'''
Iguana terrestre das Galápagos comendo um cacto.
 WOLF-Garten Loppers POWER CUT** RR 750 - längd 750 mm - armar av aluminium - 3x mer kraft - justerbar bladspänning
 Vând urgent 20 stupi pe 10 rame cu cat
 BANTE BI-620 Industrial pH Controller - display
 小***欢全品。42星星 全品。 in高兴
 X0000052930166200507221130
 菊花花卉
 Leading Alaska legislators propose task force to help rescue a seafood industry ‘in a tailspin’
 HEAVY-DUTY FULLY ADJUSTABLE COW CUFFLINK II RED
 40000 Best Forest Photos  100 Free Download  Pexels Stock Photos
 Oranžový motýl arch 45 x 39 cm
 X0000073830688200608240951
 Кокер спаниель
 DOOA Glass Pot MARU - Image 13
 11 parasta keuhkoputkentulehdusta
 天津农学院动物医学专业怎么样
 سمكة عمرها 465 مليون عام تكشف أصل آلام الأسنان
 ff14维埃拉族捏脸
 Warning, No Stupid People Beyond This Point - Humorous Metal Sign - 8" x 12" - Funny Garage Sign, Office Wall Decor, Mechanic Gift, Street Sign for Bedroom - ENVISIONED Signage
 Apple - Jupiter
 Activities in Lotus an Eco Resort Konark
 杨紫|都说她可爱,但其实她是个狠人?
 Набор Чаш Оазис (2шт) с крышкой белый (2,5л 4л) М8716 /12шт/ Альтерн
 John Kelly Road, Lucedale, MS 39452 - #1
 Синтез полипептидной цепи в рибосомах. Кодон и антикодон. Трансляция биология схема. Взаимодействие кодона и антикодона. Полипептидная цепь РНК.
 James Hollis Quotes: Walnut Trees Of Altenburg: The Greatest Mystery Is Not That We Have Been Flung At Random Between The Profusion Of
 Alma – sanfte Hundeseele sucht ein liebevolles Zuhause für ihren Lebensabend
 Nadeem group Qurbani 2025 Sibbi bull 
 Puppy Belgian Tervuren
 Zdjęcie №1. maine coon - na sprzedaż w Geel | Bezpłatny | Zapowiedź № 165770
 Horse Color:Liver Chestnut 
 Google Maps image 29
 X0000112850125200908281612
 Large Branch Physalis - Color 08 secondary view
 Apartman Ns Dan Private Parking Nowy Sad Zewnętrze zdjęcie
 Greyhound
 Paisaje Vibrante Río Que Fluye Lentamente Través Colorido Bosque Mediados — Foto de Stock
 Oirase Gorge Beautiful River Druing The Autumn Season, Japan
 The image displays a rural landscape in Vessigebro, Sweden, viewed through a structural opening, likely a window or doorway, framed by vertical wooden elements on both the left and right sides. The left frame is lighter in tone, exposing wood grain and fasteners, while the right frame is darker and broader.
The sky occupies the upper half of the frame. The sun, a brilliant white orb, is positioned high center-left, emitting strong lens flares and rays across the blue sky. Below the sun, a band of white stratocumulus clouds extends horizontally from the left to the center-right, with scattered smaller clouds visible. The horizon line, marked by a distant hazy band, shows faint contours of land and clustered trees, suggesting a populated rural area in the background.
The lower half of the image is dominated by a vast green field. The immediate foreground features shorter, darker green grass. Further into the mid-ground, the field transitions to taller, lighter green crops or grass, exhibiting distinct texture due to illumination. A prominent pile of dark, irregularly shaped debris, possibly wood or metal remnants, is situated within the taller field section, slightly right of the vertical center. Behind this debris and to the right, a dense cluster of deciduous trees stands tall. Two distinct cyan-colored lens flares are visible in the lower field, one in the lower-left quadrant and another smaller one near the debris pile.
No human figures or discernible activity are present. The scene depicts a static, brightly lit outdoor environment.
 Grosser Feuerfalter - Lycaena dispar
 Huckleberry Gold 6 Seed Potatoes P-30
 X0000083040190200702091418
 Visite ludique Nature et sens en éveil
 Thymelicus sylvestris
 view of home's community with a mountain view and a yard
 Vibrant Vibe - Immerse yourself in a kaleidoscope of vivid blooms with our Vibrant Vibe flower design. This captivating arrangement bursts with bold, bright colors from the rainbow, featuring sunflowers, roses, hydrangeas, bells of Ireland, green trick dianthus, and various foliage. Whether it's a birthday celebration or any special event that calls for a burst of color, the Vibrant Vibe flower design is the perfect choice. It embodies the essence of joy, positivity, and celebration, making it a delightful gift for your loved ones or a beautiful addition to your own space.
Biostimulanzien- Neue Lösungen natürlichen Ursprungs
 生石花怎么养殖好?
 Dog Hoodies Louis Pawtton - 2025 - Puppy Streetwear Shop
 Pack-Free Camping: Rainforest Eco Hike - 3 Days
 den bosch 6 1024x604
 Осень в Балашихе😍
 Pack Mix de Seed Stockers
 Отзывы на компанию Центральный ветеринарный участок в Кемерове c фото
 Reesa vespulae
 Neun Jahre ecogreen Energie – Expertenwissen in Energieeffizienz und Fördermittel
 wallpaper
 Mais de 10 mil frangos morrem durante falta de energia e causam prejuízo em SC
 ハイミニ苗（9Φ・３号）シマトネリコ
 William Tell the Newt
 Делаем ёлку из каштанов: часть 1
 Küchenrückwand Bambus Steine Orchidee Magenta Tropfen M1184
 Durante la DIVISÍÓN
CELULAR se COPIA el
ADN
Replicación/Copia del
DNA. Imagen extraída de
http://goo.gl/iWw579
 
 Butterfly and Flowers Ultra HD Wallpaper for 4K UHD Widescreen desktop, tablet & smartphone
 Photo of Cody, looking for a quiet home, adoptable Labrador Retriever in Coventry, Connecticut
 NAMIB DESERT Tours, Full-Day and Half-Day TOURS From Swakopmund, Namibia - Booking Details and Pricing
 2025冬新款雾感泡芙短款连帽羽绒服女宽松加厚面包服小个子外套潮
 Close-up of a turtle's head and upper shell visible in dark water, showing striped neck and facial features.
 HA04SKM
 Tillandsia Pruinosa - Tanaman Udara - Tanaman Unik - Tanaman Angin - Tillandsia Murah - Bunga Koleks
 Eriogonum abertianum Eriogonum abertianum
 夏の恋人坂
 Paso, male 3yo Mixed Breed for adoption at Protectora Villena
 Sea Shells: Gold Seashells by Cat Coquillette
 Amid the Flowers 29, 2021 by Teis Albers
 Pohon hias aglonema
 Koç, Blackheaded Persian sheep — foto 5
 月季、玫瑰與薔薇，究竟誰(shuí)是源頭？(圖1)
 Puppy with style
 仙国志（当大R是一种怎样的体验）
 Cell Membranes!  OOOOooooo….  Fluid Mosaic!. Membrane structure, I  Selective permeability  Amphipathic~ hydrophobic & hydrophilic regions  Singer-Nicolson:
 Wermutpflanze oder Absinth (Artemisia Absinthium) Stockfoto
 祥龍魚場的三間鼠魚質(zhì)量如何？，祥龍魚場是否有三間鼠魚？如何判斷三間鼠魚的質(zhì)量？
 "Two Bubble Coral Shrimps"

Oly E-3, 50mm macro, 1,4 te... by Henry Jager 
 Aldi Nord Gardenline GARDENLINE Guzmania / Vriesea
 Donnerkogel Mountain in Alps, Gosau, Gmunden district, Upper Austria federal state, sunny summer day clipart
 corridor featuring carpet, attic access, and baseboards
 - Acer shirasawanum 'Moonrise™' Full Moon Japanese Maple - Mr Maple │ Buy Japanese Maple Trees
'''
■ Requirement
Output the full listing above without altering a single word.

■ Response box
Iguana terrestre das Galápagos comendo um cacto.
 WOLF-Garten Loppers POWER CUT** RR 750 - längd 750 mm - armar av aluminium - 3x mer kraft - justerbar bladspänning
 Vând urgent 20 stupi pe 10 rame cu cat
 BANTE BI-620 Industrial pH Controller - display
 小***欢全品。42星星 全品。 in高兴
 X0000052930166200507221130
 菊花花卉
 Leading Alaska legislators propose task force to help rescue a seafood industry ‘in a tailspin’
 HEAVY-DUTY FULLY ADJUSTABLE COW CUFFLINK II RED
 40000 Best Forest Photos  100 Free Download  Pexels Stock Photos
 Oranžový motýl arch 45 x 39 cm
 X0000073830688200608240951
 Кокер спаниель
 DOOA Glass Pot MARU - Image 13
 11 parasta keuhkoputkentulehdusta
 天津农学院动物医学专业怎么样
 سمكة عمرها 465 مليون عام تكشف أصل آلام الأسنان
 ff14维埃拉族捏脸
 Warning, No Stupid People Beyond This Point - Humorous Metal Sign - 8" x 12" - Funny Garage Sign, Office Wall Decor, Mechanic Gift, Street Sign for Bedroom - ENVISIONED Signage
 Apple - Jupiter
 Activities in Lotus an Eco Resort Konark
 杨紫|都说她可爱,但其实她是个狠人?
 Набор Чаш Оазис (2шт) с крышкой белый (2,5л 4л) М8716 /12шт/ Альтерн
 John Kelly Road, Lucedale, MS 39452 - #1
 Синтез полипептидной цепи в рибосомах. Кодон и антикодон. Трансляция биология схема. Взаимодействие кодона и антикодона. Полипептидная цепь РНК.
 James Hollis Quotes: Walnut Trees Of Altenburg: The Greatest Mystery Is Not That We Have Been Flung At Random Between The Profusion Of
 Alma – sanfte Hundeseele sucht ein liebevolles Zuhause für ihren Lebensabend
 Nadeem group Qurbani 2025 Sibbi bull 
 Puppy Belgian Tervuren
 Zdjęcie №1. maine coon - na sprzedaż w Geel | Bezpłatny | Zapowiedź № 165770
 Horse Color:Liver Chestnut 
 Google Maps image 29
 X0000112850125200908281612
 Large Branch Physalis - Color 08 secondary view
 Apartman Ns Dan Private Parking Nowy Sad Zewnętrze zdjęcie
 Greyhound
 Paisaje Vibrante Río Que Fluye Lentamente Través Colorido Bosque Mediados — Foto de Stock
 Oirase Gorge Beautiful River Druing The Autumn Season, Japan
 The image displays a rural landscape in Vessigebro, Sweden, viewed through a structural opening, likely a window or doorway, framed by vertical wooden elements on both the left and right sides. The left frame is lighter in tone, exposing wood grain and fasteners, while the right frame is darker and broader.
The sky occupies the upper half of the frame. The sun, a brilliant white orb, is positioned high center-left, emitting strong lens flares and rays across the blue sky. Below the sun, a band of white stratocumulus clouds extends horizontally from the left to the center-right, with scattered smaller clouds visible. The horizon line, marked by a distant hazy band, shows faint contours of land and clustered trees, suggesting a populated rural area in the background.
The lower half of the image is dominated by a vast green field. The immediate foreground features shorter, darker green grass. Further into the mid-ground, the field transitions to taller, lighter green crops or grass, exhibiting distinct texture due to illumination. A prominent pile of dark, irregularly shaped debris, possibly wood or metal remnants, is situated within the taller field section, slightly right of the vertical center. Behind this debris and to the right, a dense cluster of deciduous trees stands tall. Two distinct cyan-colored lens flares are visible in the lower field, one in the lower-left quadrant and another smaller one near the debris pile.
No human figures or discernible activity are present. The scene depicts a static, brightly lit outdoor environment.
 Grosser Feuerfalter - Lycaena dispar
 Huckleberry Gold 6 Seed Potatoes P-30
 X0000083040190200702091418
 Visite ludique Nature et sens en éveil
 Thymelicus sylvestris
 view of home's community with a mountain view and a yard
 Vibrant Vibe - Immerse yourself in a kaleidoscope of vivid blooms with our Vibrant Vibe flower design. This captivating arrangement bursts with bold, bright colors from the rainbow, featuring sunflowers, roses, hydrangeas, bells of Ireland, green trick dianthus, and various foliage. Whether it's a birthday celebration or any special event that calls for a burst of color, the Vibrant Vibe flower design is the perfect choice. It embodies the essence of joy, positivity, and celebration, making it a delightful gift for your loved ones or a beautiful addition to your own space.
Biostimulanzien- Neue Lösungen natürlichen Ursprungs
 生石花怎么养殖好?
 Dog Hoodies Louis Pawtton - 2025 - Puppy Streetwear Shop
 Pack-Free Camping: Rainforest Eco Hike - 3 Days
 den bosch 6 1024x604
 Осень в Балашихе😍
 Pack Mix de Seed Stockers
 Отзывы на компанию Центральный ветеринарный участок в Кемерове c фото
 Reesa vespulae
 Neun Jahre ecogreen Energie – Expertenwissen in Energieeffizienz und Fördermittel
 wallpaper
 Mais de 10 mil frangos morrem durante falta de energia e causam prejuízo em SC
 ハイミニ苗（9Φ・３号）シマトネリコ
 William Tell the Newt
 Делаем ёлку из каштанов: часть 1
 Küchenrückwand Bambus Steine Orchidee Magenta Tropfen M1184
 Durante la DIVISÍÓN
CELULAR se COPIA el
ADN
Replicación/Copia del
DNA. Imagen extraída de
http://goo.gl/iWw579
 
 Butterfly and Flowers Ultra HD Wallpaper for 4K UHD Widescreen desktop, tablet & smartphone
 Photo of Cody, looking for a quiet home, adoptable Labrador Retriever in Coventry, Connecticut
 NAMIB DESERT Tours, Full-Day and Half-Day TOURS From Swakopmund, Namibia - Booking Details and Pricing
 2025冬新款雾感泡芙短款连帽羽绒服女宽松加厚面包服小个子外套潮
 Close-up of a turtle's head and upper shell visible in dark water, showing striped neck and facial features.
 HA04SKM
 Tillandsia Pruinosa - Tanaman Udara - Tanaman Unik - Tanaman Angin - Tillandsia Murah - Bunga Koleks
 Eriogonum abertianum Eriogonum abertianum
 夏の恋人坂
 Paso, male 3yo Mixed Breed for adoption at Protectora Villena
 Sea Shells: Gold Seashells by Cat Coquillette
 Amid the Flowers 29, 2021 by Teis Albers
 Pohon hias aglonema
 Koç, Blackheaded Persian sheep — foto 5
 月季、玫瑰與薔薇，究竟誰(shuí)是源頭？(圖1)
 Puppy with style
 仙国志（当大R是一种怎样的体验）
 Cell Membranes!  OOOOooooo….  Fluid Mosaic!. Membrane structure, I  Selective permeability  Amphipathic~ hydrophobic & hydrophilic regions  Singer-Nicolson:
 Wermutpflanze oder Absinth (Artemisia Absinthium) Stockfoto
 祥龍魚場的三間鼠魚質(zhì)量如何？，祥龍魚場是否有三間鼠魚？如何判斷三間鼠魚的質(zhì)量？
 "Two Bubble Coral Shrimps"

Oly E-3, 50mm macro, 1,4 te... by Henry Jager 
 Aldi Nord Gardenline GARDENLINE Guzmania / Vriesea
 Donnerkogel Mountain in Alps, Gosau, Gmunden district, Upper Austria federal state, sunny summer day clipart
 corridor featuring carpet, attic access, and baseboards
 - Acer shirasawanum 'Moonrise™' Full Moon Japanese Maple - Mr Maple │ Buy Japanese Maple Trees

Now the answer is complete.